I’ve since revised this approach. Even if I have no idea where the characters are going when I start writing them, I’ve made a point of figuring out their motivation from the start. Had I always done that, I probably wouldn’t be on the fourth draft of this story. 🙂
I wrote the first draft of TPA in 8 weeks and sent it to be edited after hearing back from a handful of beta readers. This was my first experience with a professional editor and it went horribly wrong. As a noob writer, it was easy to rip me a new one.
At her recommendations, my story got a complete overhaul. I went back and did more planning on paper, again including a lot of stuff that will never make it into the story, and spent more time developing characters. I also finished a damn detailed map of the world. 🙂
This is when my process changed to what it is today. I started to revise as I wrote, something I hadn’t really done before. I’d start each day by reading the chapter I’d written the previous day and made whatever corrections and changes the story needed. This has vastly improved the quality of my writing, especially when I read aloud. I also started revising again after completing every ten chapters, just to make sure all the changes were consistent throughout the story. Pantsers will always have changes between drafts since the story leads us, so it’s super important to make sure everything you were supposed to change has been changed.
The next edit went MUCH better than the first. My story was stronger, but I learned that I have a problem with under-writing. I tend to tell the reader something important happened, instead of showing it to them, all in the name of saving words. After the second round of edits, Nerine encouraged me to ignore word totals and add some scenes.
So, draft three. I added an army of words and sent the manuscript to another editor, Cat Hellisen, who gave me so much constructive feedback that I squeed for days. The same problem reared its head again, though – under-writing.
This brings me to now, again fleshing out scenes and showing stuff I glossed over before. However, the writing is much smoother this time, since the storyline has already been established and the plotholes have been plugged.
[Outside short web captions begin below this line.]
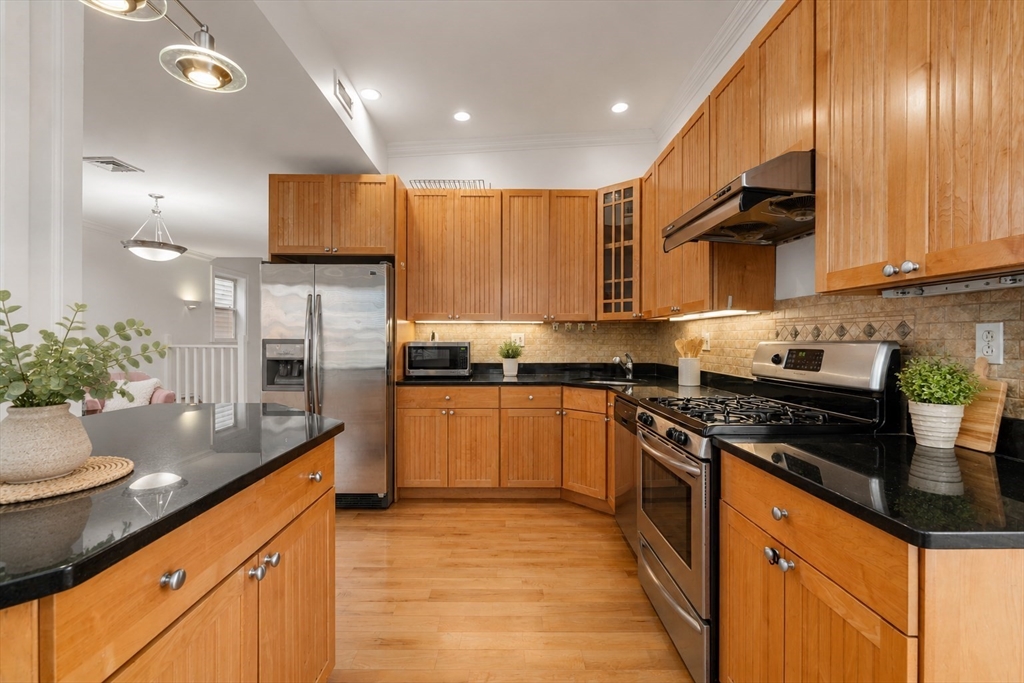 714 E 4th St 3
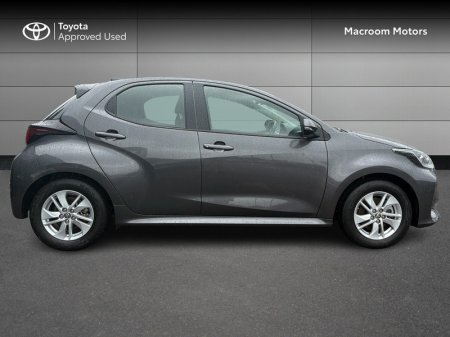 2024 Toyota Yaris - photo 3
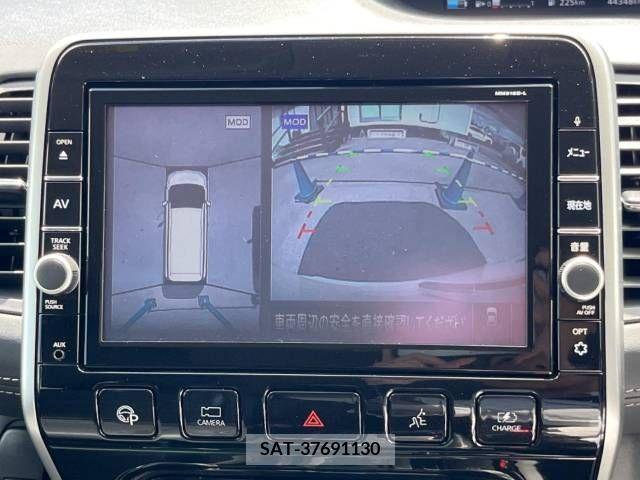 Nissan SERENA 2018-09 348690-3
The fourth draft is almost complete and is the strongest TPA has ever been (I’ll let you know if the editor lady agrees).
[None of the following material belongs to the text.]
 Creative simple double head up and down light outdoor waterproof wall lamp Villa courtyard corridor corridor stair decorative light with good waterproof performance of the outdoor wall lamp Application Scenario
My kind of writing will result in many drafts and more rounds of edits than most books that were better planned. I also require a team of good beta readers, who help me refine the story draft-by-draft. This way of doing it isn’t ideal, since it involves many rewrites, is time-consuming and the betas read the same story more than once, but it’s what works for me.
My betas (read superheroes) have also become my brainstorming partners and confidants, often saying something that sparks a plot-saving idea. Looking at the story through their eyes has taught me loads about writing. More than that, though, they’ve grown with me. As I learned more about the craft, they learned which things they need to look out for and pick up more mistakes than they did at the start.
The books following TPA will probably be easier to write, because the story’s foundation is stronger, but I’ll update you on this. 🙂
Editing as I write helps me, but many other writers don’t read what they’ve written before they finish the story. And you know what, that’s OK. As long as we’re all putting out our best possible work, it doesn’t matter HOW the story was written.
So if you have a story that needs telling, get your butt in a chair and start writing. Your way.